One of Kennedy-McCarthy’s passions is that all HR professionals enjoy a broad range of developmental experiences. “Moving people into a business role and back into HR is brilliant because you do get a different skillset – even moving them from a generalist role to a specialism for a couple of years. From a business point of view I think it helps if they can gain a commercial skillset. That could be by shadowing people or finding a good mentor.”

The issue of HR’s commerciality, or lack thereof, is one Kennedy-McCarthy is particularly passionate about. “A lot of people say ‘what does commerciality mean in practice?’ For me it means that when your chief exec’s been on holiday they come and knock on your door first not second,” she says.

Kennedy-McCarthy’s brand of HR leadership is pragmatic, business-like and proactive. And it’s hard not to see it as one many could learn from. Regarding building relationships with her senior leadership team and selling HR initiatives into the business, Kennedy-McCarthy recommends what she jokingly refers to as a “Machiavellian approach”.

“Operating strategically is more about the time you spend building the relationships, influencing, and discussing than it is about the doing,” she says. “When you’re going into a big meeting you need to know everyone’s position around that table on what you’re going to present. Unless you really want to capture people’s fresh thoughts there should never be a time where you walk into that room and don’t know where your potential issues are and where your allies are.”

Kennedy-McCarthy adds though that this approach is “perhaps harder for a female than a male”. “I think men tend to be a bit more ‘I’ll do this to get that’. Whereas women tend to be a bit more ‘I’ll just do what I need to do and everything else will follow’. So when you have to actually think about meetings in that way it can feel quite unnatural… It feels a bit like being a salesman, which I don’t think comes naturally to [those in] HR.”

But such a method does seem to be paying off at SIG. Transforming the business hasn’t been plain sailing. An “adjust and go” strategy, where new initiatives are re-examined every three months, has been critical. “I’m a real believer in following up,” she explains. “I meet the business leads to discuss what’s working and what’s not. If you keep doing that over time, it builds their confidence in you. You can adjust as you go.” This approach helped Kennedy-McCarthy to realise, for instance, that a totally shared service model was too much too soon, and that a business with such a “relationship-based model” needed certain individuals within the shared services centre to be assigned.

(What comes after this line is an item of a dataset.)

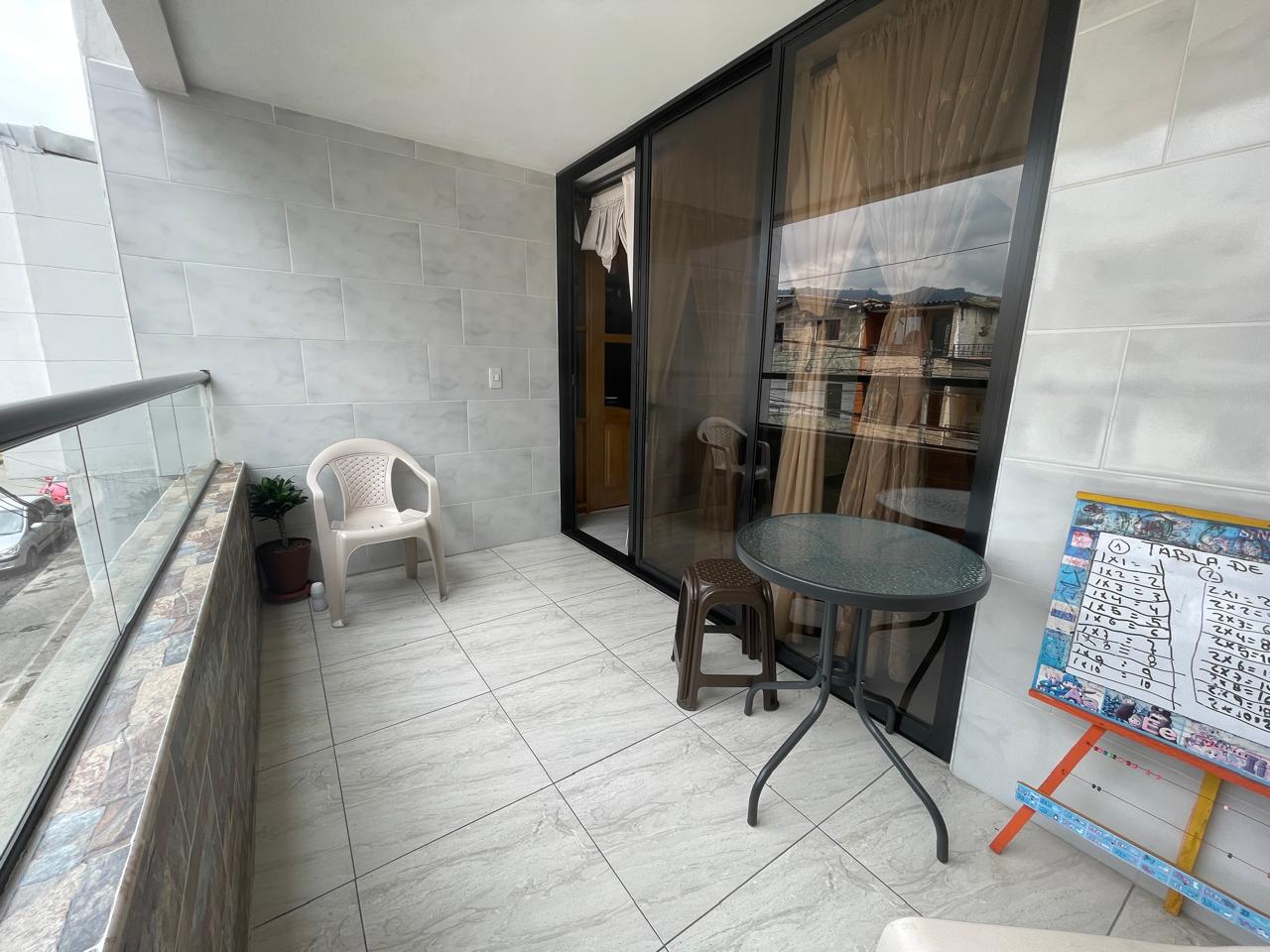 Apartamento en venta en Belén San Bernardo, Medellín · foto 8 de 23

But on the whole, progress is being made, with SIG’s new business partners embracing the wonders of life without admin. “That panicked them, because they thought ‘if that [the admin] is gone what am I doing?’… But it’s been really lovely to see our business partners moving from just doing the doing, to being the people driving change,” she says.

Kennedy-McCarthy is pragmatic about the scale of the challenge. “We are where we are and there’s no point pretending otherwise,” she says. But given her track record – and admirably sunny, just go-for-it demeanour – there seems little doubt that ‘where SIG is’ in a few years’ time will be a very good place indeed.